Prices for the under-30s have dramatically risen since 2001.
In fact, since 2001 these prices have risen nearly twice as quickly as the average for the population in general.
Here at Informed Choice, we mainly serve older clients who are approaching retirement or living in retirement.
However, we like to keep an eye on the personal financial planning trends which are important to the younger generations too, with many of our clients concerned about the impact of these trends on their children or grandchildren.
As things stand, price inflation as measured by the Consumer Prices Index (CPI) is running at 0.3%.
This is well below the Government target of 2%, indicating that inflation may not be a big concern right now.
However, according to a new study, different age groups experience price inflation differently.
So what are the under-30’s spending their money on which has caused this different experience of price inflation?

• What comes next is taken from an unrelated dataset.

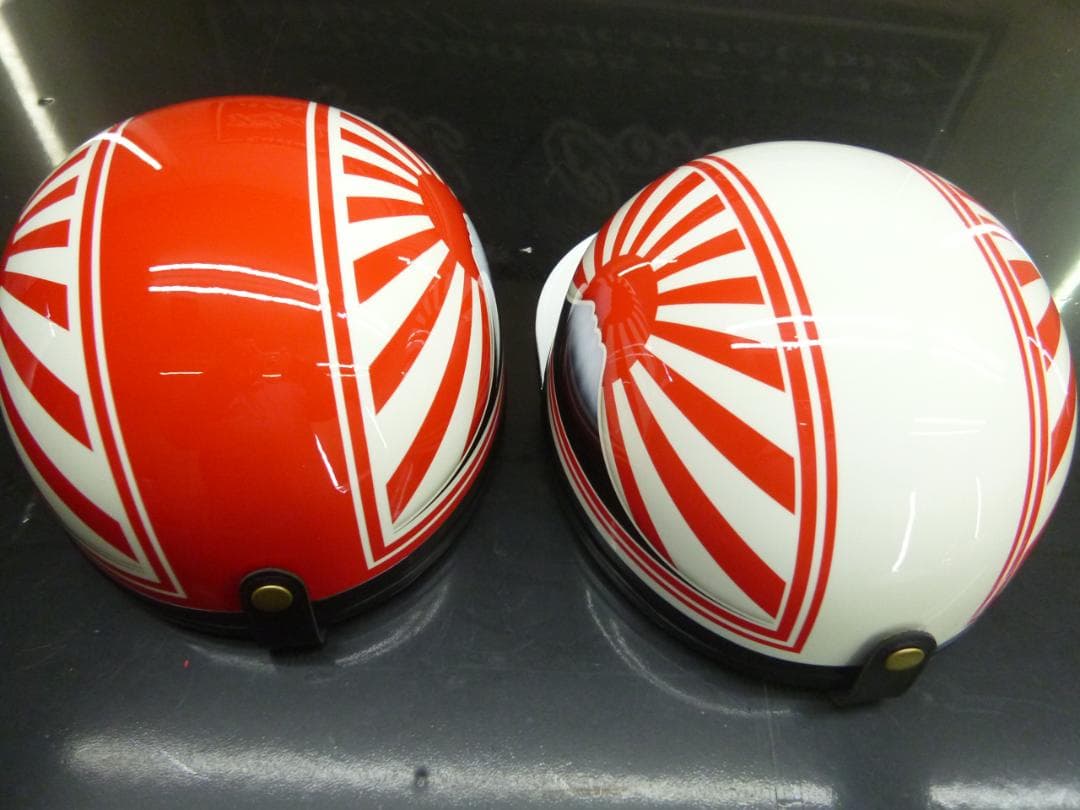 2個セット!送料込！カスタムコルク半　富士日章　赤白　白赤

The data suggests that the areas under-30’s are spending their money have faster rising prices.
These spending areas include housing, education and restaurants, all of which have been rising faster than average inflation.
In the meantime food, transport and recreational prices have been increasing at a slower pace, which is the area that the under-30’s spend their money the least.
Other figures appear to show that prices for under-30s have risen by 46% more than the headline figure due to the introduction of the state pension triple lock, which guarantees an annual rise in the state pension of at least 2.5%.
Commenting on the study, Alistair McQueen, Savings & Retirement manager at Aviva, said:
“The under-30s are facing a double-whammy. Prices are rising faster in areas where they spend more, and rising slower in areas where they spend less.
“These underlying differences are often hidden when we plan our finances.
“Price movements are outside anyone’s direct control, but this does not mean we are powerless to act.
“There are two actions that the young can take.
“Firstly, careful and constant budgeting helps us manage the impacts of price movements. A simple understanding of money coming in and money going out will help defend us against “hidden” price movements.
“Secondly, making any savings work harder to counter the effects of inflation makes good financial sense. An individual savings account (ISA) and a pension, with their positive tax advantages, would be a good place for many savers to begin.”
Price inflation is a really important consideration for all of us, young or old.
We have often written on this blog in the past about the so-called silver inflation phenomenon, which results in higher price inflation for people in retirement due to the nature of goods and services they consume in later life.
The official price inflation figures are very much an average and they hide a range of real-world experiences for different age groups, demographics and individuals.
When making your own assumptions about your future experience of price inflation, it is important to think carefully about what impact inflation might have on your ability to achieve financial goals in life.